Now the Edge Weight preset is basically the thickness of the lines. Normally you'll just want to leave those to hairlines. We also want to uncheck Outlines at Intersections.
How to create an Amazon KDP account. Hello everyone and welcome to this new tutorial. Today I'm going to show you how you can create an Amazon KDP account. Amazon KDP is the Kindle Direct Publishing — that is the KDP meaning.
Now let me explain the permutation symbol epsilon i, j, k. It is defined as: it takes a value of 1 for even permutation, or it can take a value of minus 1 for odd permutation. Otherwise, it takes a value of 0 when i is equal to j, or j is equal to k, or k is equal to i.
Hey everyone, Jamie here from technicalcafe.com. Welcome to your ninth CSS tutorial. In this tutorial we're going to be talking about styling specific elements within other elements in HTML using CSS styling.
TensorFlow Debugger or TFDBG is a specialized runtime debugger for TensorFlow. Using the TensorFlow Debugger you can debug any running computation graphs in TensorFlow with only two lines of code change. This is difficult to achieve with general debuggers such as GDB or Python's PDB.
____
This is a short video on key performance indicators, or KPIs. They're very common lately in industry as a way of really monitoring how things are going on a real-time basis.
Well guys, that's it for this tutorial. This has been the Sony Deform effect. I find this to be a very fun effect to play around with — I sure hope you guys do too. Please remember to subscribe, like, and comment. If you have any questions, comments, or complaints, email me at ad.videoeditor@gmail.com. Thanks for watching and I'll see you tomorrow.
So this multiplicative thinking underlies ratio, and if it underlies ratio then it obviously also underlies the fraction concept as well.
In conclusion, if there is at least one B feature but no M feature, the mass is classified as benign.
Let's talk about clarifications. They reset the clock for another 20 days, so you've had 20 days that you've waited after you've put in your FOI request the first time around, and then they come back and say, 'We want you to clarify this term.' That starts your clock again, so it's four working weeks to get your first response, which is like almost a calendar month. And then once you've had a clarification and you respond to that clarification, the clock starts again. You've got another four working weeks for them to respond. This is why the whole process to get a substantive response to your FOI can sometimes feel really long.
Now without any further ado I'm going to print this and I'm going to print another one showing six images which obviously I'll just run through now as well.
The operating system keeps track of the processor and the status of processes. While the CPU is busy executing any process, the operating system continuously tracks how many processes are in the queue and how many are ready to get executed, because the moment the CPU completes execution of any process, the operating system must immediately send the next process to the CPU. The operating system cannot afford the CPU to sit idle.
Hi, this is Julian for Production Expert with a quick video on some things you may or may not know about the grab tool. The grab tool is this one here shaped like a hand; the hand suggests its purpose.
____
* _What to work on_:
Among the lines above, repeat exactly those from the line with "So this multiplicative" to the line with "In conclusion, if", counting both ends.

* _Finished task_:
So this multiplicative thinking underlies ratio, and if it underlies ratio then it obviously also underlies the fraction concept as well.
In conclusion, if there is at least one B feature but no M feature, the mass is classified as benign.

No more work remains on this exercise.